Many of the Phil Mechanic tenants have been renting space there since the early 2000s, thanks in part to Jolene and Mitch’s system of in-house rent control. Studio rents are fixed the day a tenant moves in; they won’t increase until a new tenant claims the space. So while the neighborhood’s typical price per square foot has crept up from as little as $6 to the current $10 to $15, rents at Phil Mechanic Studios have mostly stayed below $5 per square foot.
“Jolene was one of the proponents of keeping the artists’ rents as low as possible,” says Roberts, “and she did that really well.” But now, he says, the economic landscape is shifting, making it harder to keep such spaces both thriving and cheap. New businesses are moving into the neighborhood and new owners with new goals and directions are moving in. And so for some, growth is simultaneously met with economic hardship.
“Rents will go up in this community,” Roberts predicts. “The city will continue to develop, and the building prices will continue to go up.” And at a certain point, those prices will be beyond what many of the neighborhood’s original residents can afford. “Now, it’s a matter of how bad does somebody want it,” he observes.
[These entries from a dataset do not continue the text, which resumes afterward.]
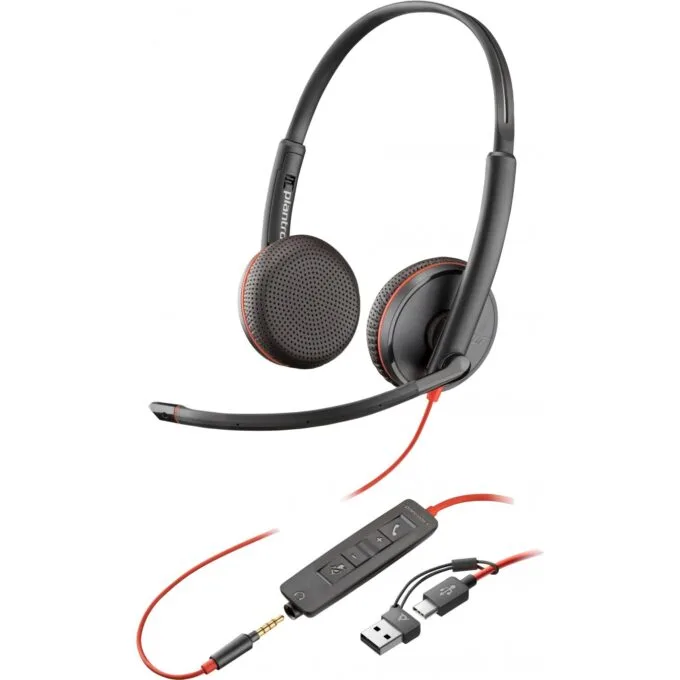 HP Poly Headset Blackwire C3225 Stereo USB-C & 3.5 mm - C3225 - Black — image 1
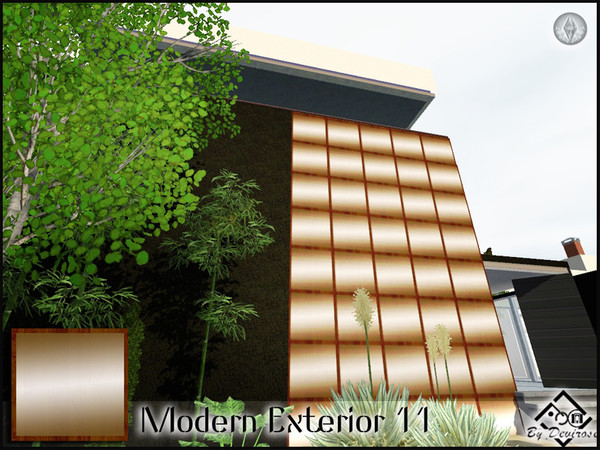 Sims 3 — Modern Exterior 11 by Devirose — Minimal lines,mirror effects,for exterior design.Base Game Compatible,no need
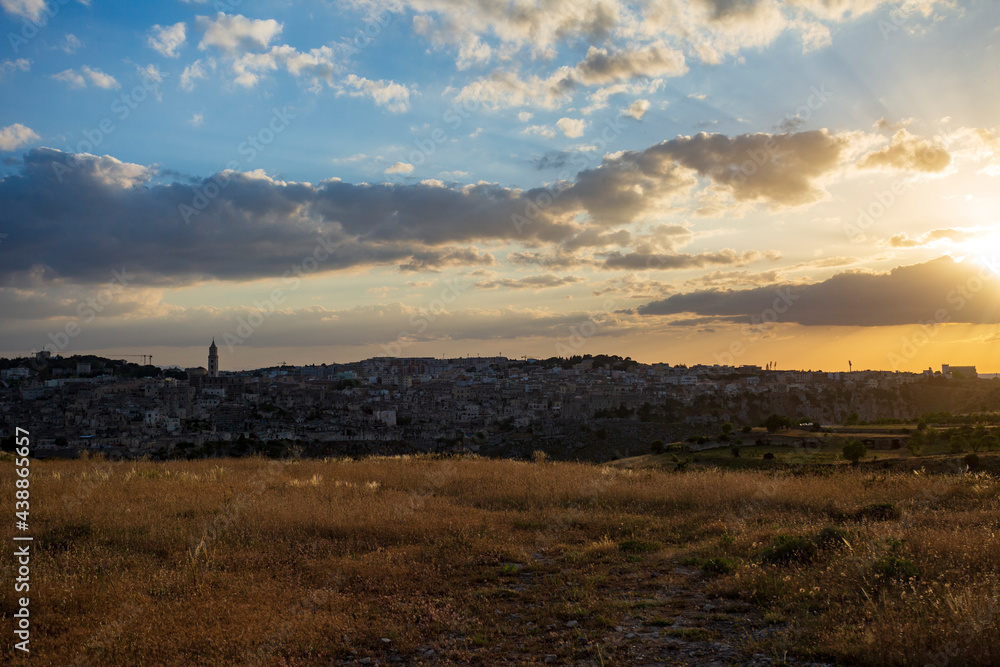 sunrise in Matera. The city of stones. A panorama in Basilicata sunrise in Matera. The city of stones. A panorama in Basilicata
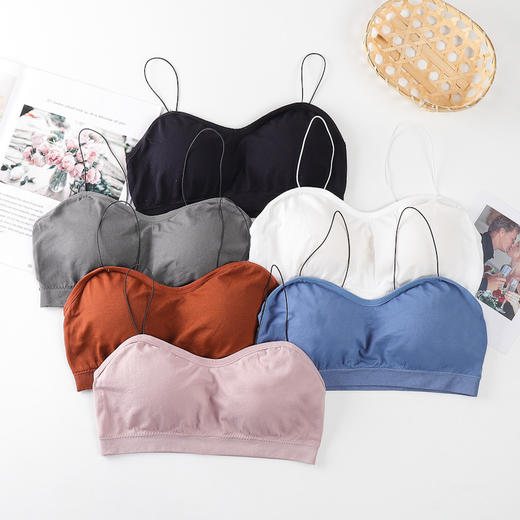 吊带背心少女美背裹胸性感抹胸细肩带无钢圈防走光聚拢运动内衣女 商品图1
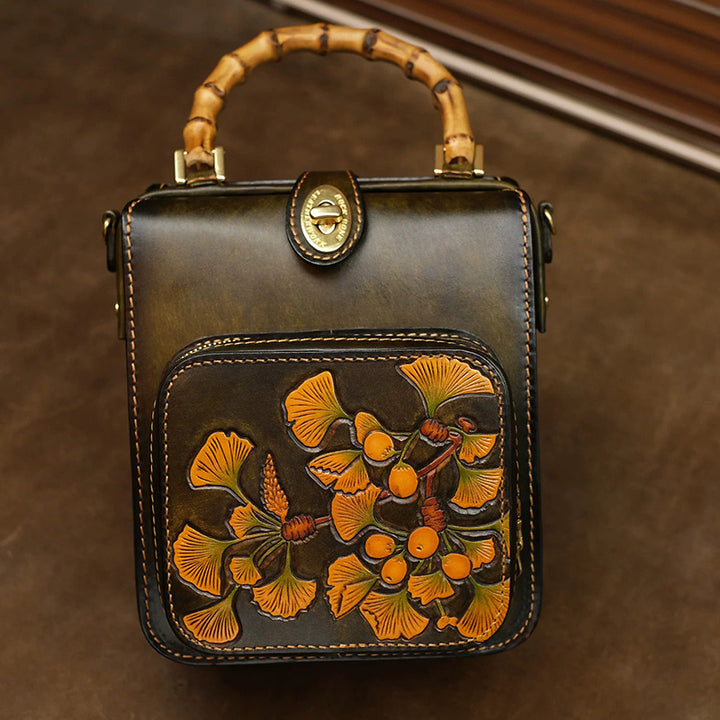 Mini Leather Backpack with Hand-Tooled Ginkgo Leaves and Bamboo Handle
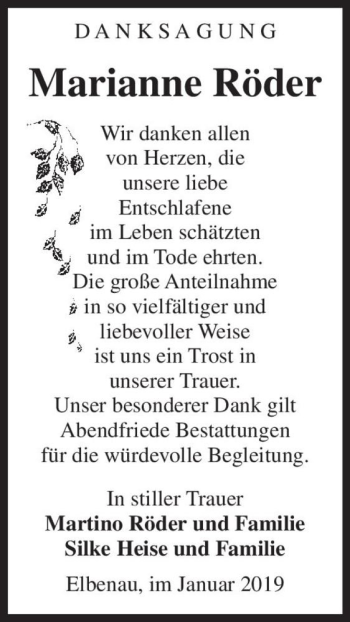 Traueranzeige von Marianne Röder  von Magdeburger Volksstimme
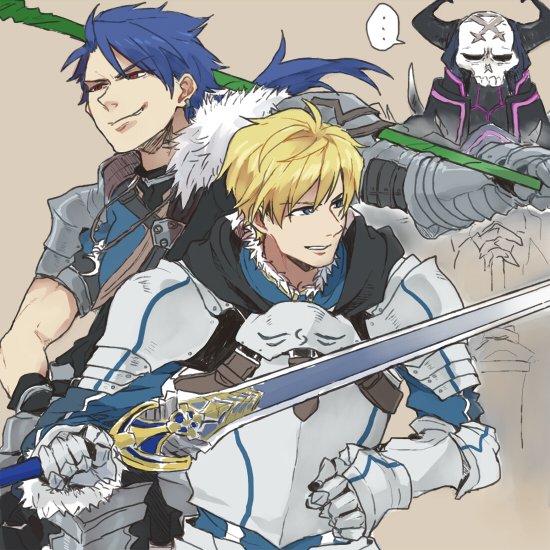 cu chulainn, arthur pendragon, and king hassan (fate and 2 more) drawn by ree_(re-19)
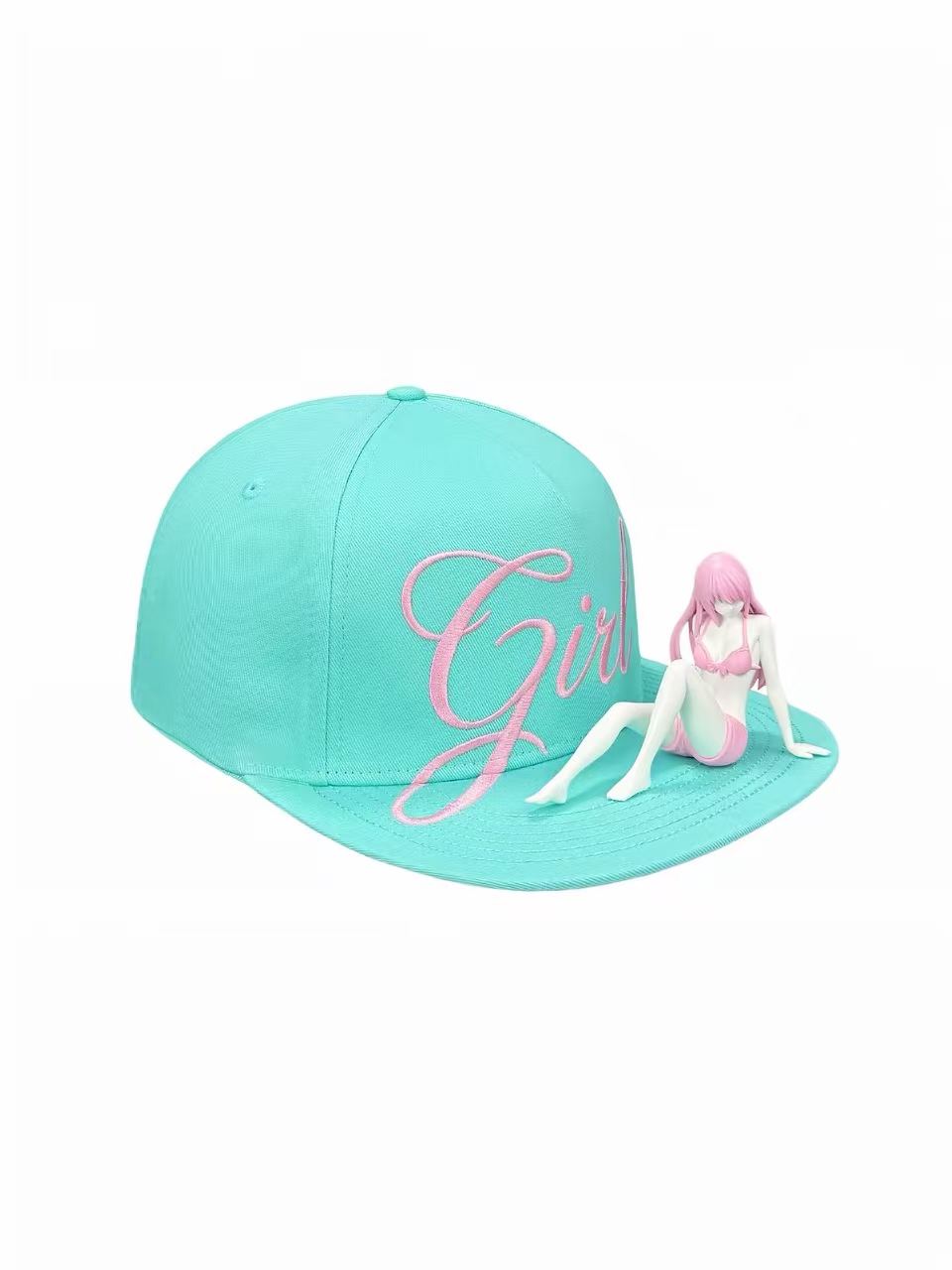 Girl 3D Embroidered Mint Green Flat Brim Cap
On Feb. 3, Leonetti reports, the listing had more than 3,000 hits, and there were phone calls not only from Raleigh, Charlotte and Fayetteville but also from Georgia, Florida and even Michigan. Ironically, the very process that drove many artists from downtown 15 years ago may now be beginning to happen in the RAD.
After putting more than a decade’s worth of blood, sweat and tears into the Phil Mechanic building, one might imagine that the owners would be conflicted about putting it up for sale. But in fact, neither they nor others connected with the space appear to be profoundly upset about the move.
“The building’s just an asset,” says former longtime tenant Jinx. “The character of the building is the character of the people.”
All current tenants received an email from Jolene in early January explaining the Mechanics’ intention to sell the building while protecting their renters. Many say it’s still too soon for them to have formulated any course of action. “Obviously, we’re a little nervous about the building going up,” says Woodrow Eaton, general manager of Blue Ridge Biofuels, “but Jolene has assured us that we’ll be taken care of.”
Bridget Conn of The Asheville Darkroom echoes that sentiment, saying, “It might feel a little jarring at first, but I know Jolene will do the right thing.”
Jolene herself, meanwhile, says that while old warehouses and factories can be repurposed as exciting, functional and even experimental spaces, the real ideas always reside in the people, not the bricks and concrete.
“I’m not attached to the district,” she declares. “I’m attached to community, and community is people, not structures.”